Library Preparation and Whole Genome Sequencing
DNA libraries were prepared using a ThruPLEX DNA-seq Library Kit (Takara Bio, Mountain View, CA) according to the manufacturer’s instructions. About 0.5–1 ng DNA was used for library preparation including end repair, adaptor addition, and 15 cycles of high-fidelity amplification. Following amplification, libraries were purified using a 1:1 ratio of DNA sample to Agencourt AMPure XP Beads (Beckman Coulter, Indianapolis, IN, USA). The library quality and insert size were examined using High Sensitivity DNA Analysis Chip. Sequencing Libraries were diluted to a concentration of 10 nM and every 12 index libraries were pooled for 50 bp single-read sequencing on a HiSeq2500 Sequencing System (Illumina, San Diego, CA, USA).
Copy Number Variation (CNV) and ctDNA Content Calculation
Raw sequencing data (fastq files) were first mapped to the human reference genome (NCBI37/hg19) using SeqMan NGen 12 (DNASTAR, Madison, WI, USA) and assembled in Partek Genomics Suite (St.

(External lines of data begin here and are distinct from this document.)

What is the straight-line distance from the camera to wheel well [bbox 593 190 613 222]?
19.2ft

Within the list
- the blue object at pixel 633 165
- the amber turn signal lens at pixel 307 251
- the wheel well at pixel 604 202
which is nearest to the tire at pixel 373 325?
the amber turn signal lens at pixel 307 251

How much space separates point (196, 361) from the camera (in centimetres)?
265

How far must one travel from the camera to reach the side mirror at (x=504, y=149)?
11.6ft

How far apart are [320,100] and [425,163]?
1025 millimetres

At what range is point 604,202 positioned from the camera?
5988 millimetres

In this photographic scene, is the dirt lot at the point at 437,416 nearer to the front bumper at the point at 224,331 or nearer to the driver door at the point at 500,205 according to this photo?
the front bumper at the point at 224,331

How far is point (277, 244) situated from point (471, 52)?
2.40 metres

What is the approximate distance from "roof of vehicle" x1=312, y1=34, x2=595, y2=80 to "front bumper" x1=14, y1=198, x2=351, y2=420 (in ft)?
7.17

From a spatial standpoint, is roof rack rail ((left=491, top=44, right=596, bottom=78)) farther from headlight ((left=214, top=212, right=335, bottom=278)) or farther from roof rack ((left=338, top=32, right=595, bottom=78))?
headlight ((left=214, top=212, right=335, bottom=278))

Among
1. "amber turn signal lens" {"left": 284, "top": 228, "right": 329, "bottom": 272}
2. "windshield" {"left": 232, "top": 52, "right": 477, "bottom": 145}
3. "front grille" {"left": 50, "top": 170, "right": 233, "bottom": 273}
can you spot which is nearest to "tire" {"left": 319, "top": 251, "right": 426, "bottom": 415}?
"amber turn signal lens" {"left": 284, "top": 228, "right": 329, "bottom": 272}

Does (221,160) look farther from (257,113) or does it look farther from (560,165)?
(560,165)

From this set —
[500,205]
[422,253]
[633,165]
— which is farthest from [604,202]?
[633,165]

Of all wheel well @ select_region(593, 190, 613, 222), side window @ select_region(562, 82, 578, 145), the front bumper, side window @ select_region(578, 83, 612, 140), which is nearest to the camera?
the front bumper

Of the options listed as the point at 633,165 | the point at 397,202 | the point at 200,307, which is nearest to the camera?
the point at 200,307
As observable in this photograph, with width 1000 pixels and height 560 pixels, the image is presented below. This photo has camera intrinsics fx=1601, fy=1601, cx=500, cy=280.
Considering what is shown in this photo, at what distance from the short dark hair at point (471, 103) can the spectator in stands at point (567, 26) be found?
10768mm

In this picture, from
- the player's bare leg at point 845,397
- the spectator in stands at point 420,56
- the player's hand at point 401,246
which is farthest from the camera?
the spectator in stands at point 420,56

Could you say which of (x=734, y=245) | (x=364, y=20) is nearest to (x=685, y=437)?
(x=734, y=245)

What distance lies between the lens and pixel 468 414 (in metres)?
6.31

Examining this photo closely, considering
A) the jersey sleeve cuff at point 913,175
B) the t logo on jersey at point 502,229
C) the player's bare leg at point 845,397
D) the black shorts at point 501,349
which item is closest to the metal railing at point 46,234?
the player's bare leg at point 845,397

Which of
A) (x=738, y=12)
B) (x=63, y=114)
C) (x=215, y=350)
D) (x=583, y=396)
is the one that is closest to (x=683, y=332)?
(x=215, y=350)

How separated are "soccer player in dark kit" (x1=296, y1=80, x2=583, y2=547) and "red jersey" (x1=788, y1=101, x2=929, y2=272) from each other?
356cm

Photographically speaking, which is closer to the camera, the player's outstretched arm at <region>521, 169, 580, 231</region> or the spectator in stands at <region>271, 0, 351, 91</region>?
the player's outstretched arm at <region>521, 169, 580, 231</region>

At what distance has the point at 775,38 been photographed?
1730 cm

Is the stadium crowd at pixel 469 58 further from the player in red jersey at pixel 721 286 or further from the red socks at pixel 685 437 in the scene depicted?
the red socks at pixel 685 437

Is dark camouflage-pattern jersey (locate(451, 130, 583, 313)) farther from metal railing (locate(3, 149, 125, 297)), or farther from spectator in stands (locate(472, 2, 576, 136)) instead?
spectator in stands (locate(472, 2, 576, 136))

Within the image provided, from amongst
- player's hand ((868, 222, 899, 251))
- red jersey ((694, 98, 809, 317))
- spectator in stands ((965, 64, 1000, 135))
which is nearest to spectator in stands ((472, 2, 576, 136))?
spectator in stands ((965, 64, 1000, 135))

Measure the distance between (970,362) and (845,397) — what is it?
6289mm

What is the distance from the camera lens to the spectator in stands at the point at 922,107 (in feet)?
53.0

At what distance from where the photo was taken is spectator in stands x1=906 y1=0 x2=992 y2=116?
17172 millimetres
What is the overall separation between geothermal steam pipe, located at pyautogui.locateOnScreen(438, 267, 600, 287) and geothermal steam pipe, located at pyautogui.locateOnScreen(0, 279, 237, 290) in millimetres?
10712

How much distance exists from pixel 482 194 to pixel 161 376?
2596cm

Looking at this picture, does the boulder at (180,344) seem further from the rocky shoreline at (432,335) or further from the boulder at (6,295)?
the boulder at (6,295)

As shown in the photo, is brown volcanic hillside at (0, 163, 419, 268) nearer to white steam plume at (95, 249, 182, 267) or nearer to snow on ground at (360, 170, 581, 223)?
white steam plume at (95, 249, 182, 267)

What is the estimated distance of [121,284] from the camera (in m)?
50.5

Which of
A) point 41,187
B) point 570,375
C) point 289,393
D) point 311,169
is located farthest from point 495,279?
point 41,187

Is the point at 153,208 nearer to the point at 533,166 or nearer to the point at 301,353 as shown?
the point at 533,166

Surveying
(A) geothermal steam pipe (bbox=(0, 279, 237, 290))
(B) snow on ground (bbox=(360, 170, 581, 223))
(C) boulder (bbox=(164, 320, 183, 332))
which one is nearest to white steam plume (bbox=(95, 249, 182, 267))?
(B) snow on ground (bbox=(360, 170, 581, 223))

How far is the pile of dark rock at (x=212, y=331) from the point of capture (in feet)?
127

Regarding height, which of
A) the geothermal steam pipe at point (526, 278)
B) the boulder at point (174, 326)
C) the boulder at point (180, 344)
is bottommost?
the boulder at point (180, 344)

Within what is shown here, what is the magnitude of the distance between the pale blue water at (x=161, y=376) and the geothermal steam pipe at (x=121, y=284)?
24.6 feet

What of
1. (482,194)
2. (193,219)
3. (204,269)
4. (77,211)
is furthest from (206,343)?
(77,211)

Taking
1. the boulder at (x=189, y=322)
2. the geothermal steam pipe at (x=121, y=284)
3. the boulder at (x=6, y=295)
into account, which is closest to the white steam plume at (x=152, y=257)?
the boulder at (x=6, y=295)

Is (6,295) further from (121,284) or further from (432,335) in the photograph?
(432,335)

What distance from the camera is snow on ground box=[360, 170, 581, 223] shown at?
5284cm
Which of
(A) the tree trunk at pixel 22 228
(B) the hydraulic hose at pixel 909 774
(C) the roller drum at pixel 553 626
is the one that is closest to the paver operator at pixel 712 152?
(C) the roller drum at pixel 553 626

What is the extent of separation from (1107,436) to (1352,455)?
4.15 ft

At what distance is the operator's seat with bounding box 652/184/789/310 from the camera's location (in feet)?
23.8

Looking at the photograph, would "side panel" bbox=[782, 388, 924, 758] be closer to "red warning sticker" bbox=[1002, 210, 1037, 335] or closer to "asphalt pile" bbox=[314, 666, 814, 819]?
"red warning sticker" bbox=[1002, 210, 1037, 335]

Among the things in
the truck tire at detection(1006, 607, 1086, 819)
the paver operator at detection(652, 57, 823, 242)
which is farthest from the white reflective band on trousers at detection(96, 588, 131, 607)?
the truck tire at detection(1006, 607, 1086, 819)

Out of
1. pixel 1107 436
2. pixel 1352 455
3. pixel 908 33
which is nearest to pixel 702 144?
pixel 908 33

Louis, MO, USA). The mapped reads were then binned into 1 Mb genomic bins and rescaled to 10 million reads after excluding sex chromosomes. Read count in each genomic window was normalized to mean read count from 33 healthy controls as previously described (19). The resulting ratios were further transformed with log2 and adjusted for GC content (20). The fully normalized log2 ratios in genomic bins were subjected to segmentation using the copy number analysis method (CNAM) algorithm (Golden Helix, Bozeman, MT, USA). To estimate ctDNA content, we developed a CNV-based algorithm to quantify ctDNA percentage in plasma cfDNA (21). In these studies, we used mean log2 values of genomic segments generated from CNAM algorithm for ctDNA content calculation. Segment sizes were evaluated to test ctDNA content stability. We selected mean log2 values from most significant deletion segments (>20 Mb in size) in each patient and calculated ctDNA content by 1–2segment log2 ratio (21).
EGFR Mutational Analysis
For 22 NSCLC patients with known EGFRE19del/L858R mutations in tumor tissues, we applied ARMS-PCR method and tested their mutational status in fraction 6 and platelet-poor plasma samples using EGFR Mutations Detection Kit (Amoy Diagnostics, Xiamen, Fujian, China). Mutational analysis was performed on the ABI 7500 Real-Time PCR System (Thermo Fisher Scientific, Foster City, CA, USA). PCR was prepared by mixing 5 µl DNA with 5 µl control reaction mix or mutation mix (E19del, L858R). PCR was set up as follows: 95°C/5 min; 15 cycles of 95°C/25 s, 64°C/20 s and 72°C/20 s; 31 cycles of 93°C/25 s, 60°C/35 s and 72°C/20 s. The signal is collected at 60°C in the third stage.
Results
Plasma Fractions
To estimate cfDNA size and ctDNA content from different plasma fractions, we selected nine SCLC patients (Table S1) who have been previously analyzed and showed relatively high tumor burden (17). As described in previous publications, increasing centrifugation speed may generate sequential precipitations of different components including cells, cell debris, larger vesicles, apoptotic bodies, and microvesicles (11, 12, 22, 23). Based on these publications, we performed sequential centrifugation using 1 ml plasma sample/patient and collected six fractions for separate cfDNA extraction. Figure 1 shows overall workflow of this study. To test higher ctDNA content in a plasma fraction, we compared mutation detection rate between the plasma fraction and whole plasma in 22 NSCLC patients with known EGFR mutations in tumor tissues.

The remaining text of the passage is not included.